EXERCISE DIRECTIONS: Beginning with the line that holds "T210 OSS เครื่องเชื่อมเหล็กไฟฟ้า75W" in the data below, give again every line through the one that holds "Ruffle trim short", exactly as written.

DATA FOR THIS EXERCISE:
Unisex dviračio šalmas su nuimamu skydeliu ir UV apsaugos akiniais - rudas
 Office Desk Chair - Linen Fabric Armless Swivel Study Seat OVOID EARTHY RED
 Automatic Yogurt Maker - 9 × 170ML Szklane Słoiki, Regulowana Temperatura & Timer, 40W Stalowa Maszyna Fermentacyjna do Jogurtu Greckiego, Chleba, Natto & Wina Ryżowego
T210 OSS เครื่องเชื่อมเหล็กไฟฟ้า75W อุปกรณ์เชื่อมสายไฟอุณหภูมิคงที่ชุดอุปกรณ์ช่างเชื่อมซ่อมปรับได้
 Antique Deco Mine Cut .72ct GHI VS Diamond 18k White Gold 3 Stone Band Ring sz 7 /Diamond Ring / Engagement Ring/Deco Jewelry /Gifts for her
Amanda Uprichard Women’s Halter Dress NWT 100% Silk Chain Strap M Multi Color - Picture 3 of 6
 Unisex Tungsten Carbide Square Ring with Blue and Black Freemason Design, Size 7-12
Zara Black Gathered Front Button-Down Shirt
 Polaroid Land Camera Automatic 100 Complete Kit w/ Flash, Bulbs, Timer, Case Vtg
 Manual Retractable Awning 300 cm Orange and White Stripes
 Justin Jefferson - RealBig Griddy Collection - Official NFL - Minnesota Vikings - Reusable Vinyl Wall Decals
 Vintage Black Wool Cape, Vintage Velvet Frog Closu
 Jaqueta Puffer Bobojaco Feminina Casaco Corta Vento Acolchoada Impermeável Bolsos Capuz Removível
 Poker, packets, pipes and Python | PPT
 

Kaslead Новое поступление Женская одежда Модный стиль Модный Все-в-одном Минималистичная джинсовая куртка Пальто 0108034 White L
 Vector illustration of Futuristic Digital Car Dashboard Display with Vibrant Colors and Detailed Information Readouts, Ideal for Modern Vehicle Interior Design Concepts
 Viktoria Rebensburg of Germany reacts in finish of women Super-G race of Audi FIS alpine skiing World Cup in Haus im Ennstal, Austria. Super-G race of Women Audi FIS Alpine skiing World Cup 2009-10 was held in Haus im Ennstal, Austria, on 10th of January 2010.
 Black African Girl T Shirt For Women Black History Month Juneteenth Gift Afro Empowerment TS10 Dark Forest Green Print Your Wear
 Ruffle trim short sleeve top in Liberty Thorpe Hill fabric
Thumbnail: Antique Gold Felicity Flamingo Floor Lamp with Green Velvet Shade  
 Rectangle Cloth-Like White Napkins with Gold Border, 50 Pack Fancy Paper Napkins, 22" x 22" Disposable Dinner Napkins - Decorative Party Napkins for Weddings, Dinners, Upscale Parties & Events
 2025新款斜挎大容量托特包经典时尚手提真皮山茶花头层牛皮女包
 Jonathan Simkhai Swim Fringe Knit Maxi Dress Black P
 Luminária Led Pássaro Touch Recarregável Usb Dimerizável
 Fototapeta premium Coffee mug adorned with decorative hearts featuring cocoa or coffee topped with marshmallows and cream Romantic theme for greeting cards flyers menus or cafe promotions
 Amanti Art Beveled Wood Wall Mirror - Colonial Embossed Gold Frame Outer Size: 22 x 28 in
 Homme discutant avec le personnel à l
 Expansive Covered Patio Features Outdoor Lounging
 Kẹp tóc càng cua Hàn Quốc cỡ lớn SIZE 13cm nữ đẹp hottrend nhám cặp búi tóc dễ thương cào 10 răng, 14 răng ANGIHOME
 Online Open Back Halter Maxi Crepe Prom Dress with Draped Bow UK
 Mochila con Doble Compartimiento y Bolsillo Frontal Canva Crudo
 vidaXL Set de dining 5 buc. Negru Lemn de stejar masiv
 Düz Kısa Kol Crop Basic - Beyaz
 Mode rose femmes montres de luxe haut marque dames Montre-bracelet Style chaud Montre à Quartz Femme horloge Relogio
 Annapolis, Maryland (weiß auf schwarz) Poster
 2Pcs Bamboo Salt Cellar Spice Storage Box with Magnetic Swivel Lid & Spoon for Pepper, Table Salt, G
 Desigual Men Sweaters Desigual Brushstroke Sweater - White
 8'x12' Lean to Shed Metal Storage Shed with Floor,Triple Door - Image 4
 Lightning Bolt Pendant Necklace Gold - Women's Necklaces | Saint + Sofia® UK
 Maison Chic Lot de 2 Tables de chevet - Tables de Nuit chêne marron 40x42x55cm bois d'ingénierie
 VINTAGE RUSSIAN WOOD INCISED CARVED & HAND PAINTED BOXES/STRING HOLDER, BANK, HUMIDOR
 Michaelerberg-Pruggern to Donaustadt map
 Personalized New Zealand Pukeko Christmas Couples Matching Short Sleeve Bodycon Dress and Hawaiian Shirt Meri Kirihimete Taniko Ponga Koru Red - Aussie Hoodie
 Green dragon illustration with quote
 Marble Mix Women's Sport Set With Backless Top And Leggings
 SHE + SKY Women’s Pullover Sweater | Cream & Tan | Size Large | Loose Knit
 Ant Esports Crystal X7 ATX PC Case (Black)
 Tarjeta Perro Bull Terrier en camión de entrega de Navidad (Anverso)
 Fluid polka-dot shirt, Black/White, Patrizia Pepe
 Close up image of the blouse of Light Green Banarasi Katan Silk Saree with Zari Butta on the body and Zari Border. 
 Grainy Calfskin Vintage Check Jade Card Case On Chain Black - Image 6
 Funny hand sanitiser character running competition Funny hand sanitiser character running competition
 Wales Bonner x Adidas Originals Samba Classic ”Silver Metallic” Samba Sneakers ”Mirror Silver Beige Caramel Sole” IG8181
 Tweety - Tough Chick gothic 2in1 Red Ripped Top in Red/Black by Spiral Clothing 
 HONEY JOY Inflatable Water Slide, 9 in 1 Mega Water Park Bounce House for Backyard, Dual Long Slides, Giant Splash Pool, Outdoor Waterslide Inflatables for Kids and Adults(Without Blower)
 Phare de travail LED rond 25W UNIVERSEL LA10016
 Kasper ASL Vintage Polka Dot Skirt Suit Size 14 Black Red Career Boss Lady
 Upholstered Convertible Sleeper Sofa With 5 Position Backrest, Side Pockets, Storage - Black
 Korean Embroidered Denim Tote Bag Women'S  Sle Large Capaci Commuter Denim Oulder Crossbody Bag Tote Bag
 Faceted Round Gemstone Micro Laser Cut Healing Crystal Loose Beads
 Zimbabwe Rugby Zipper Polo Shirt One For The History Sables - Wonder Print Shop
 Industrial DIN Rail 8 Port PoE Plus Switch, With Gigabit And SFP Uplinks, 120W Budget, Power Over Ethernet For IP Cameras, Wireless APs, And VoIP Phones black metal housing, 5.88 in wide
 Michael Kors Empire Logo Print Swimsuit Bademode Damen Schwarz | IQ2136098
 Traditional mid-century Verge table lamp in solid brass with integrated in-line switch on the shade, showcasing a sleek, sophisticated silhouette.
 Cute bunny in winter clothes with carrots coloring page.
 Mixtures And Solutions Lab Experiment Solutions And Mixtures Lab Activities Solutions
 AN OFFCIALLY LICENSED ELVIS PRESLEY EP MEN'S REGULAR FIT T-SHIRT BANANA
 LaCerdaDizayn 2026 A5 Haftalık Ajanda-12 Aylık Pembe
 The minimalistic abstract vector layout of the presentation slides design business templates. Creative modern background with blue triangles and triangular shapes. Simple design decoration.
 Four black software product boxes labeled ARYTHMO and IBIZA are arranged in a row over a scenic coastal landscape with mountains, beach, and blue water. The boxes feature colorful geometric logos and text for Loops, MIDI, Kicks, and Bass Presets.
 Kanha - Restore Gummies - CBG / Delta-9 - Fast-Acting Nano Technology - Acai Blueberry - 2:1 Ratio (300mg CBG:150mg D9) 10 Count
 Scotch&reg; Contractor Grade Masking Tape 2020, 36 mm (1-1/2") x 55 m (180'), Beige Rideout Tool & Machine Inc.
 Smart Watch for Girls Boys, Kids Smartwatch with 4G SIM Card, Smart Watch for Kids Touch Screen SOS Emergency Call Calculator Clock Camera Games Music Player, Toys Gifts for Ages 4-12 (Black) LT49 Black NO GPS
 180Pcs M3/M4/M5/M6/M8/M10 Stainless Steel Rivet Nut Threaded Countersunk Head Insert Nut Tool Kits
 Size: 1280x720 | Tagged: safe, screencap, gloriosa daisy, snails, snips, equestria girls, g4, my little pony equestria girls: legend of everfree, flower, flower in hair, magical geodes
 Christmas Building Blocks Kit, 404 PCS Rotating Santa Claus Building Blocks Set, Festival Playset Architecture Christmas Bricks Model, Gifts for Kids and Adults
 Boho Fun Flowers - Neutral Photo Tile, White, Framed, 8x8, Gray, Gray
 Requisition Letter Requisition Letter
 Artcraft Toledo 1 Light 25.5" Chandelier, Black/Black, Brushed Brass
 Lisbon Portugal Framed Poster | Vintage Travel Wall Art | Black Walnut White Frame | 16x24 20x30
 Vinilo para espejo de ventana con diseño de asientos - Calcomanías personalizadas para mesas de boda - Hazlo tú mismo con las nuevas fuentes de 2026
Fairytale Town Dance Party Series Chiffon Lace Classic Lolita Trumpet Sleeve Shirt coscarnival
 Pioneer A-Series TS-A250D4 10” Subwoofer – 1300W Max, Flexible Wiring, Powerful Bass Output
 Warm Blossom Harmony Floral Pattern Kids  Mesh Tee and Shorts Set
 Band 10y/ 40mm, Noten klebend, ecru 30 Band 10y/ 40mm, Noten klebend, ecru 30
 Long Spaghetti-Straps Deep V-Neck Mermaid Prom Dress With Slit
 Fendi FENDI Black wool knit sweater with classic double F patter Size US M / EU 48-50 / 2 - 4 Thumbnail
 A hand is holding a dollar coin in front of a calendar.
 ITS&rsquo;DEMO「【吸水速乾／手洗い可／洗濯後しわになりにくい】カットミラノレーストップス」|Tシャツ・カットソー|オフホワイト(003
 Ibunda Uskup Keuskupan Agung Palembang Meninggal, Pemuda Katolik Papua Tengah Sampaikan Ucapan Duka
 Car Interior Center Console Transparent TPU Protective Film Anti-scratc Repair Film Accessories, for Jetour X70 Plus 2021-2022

WRITTEN RESPONSE:
T210 OSS เครื่องเชื่อมเหล็กไฟฟ้า75W อุปกรณ์เชื่อมสายไฟอุณหภูมิคงที่ชุดอุปกรณ์ช่างเชื่อมซ่อมปรับได้
 Antique Deco Mine Cut .72ct GHI VS Diamond 18k White Gold 3 Stone Band Ring sz 7 /Diamond Ring / Engagement Ring/Deco Jewelry /Gifts for her
Amanda Uprichard Women’s Halter Dress NWT 100% Silk Chain Strap M Multi Color - Picture 3 of 6
 Unisex Tungsten Carbide Square Ring with Blue and Black Freemason Design, Size 7-12
Zara Black Gathered Front Button-Down Shirt
 Polaroid Land Camera Automatic 100 Complete Kit w/ Flash, Bulbs, Timer, Case Vtg
 Manual Retractable Awning 300 cm Orange and White Stripes
 Justin Jefferson - RealBig Griddy Collection - Official NFL - Minnesota Vikings - Reusable Vinyl Wall Decals
 Vintage Black Wool Cape, Vintage Velvet Frog Closu
 Jaqueta Puffer Bobojaco Feminina Casaco Corta Vento Acolchoada Impermeável Bolsos Capuz Removível
 Poker, packets, pipes and Python | PPT
 

Kaslead Новое поступление Женская одежда Модный стиль Модный Все-в-одном Минималистичная джинсовая куртка Пальто 0108034 White L
 Vector illustration of Futuristic Digital Car Dashboard Display with Vibrant Colors and Detailed Information Readouts, Ideal for Modern Vehicle Interior Design Concepts
 Viktoria Rebensburg of Germany reacts in finish of women Super-G race of Audi FIS alpine skiing World Cup in Haus im Ennstal, Austria. Super-G race of Women Audi FIS Alpine skiing World Cup 2009-10 was held in Haus im Ennstal, Austria, on 10th of January 2010.
 Black African Girl T Shirt For Women Black History Month Juneteenth Gift Afro Empowerment TS10 Dark Forest Green Print Your Wear
 Ruffle trim short sleeve top in Liberty Thorpe Hill fabric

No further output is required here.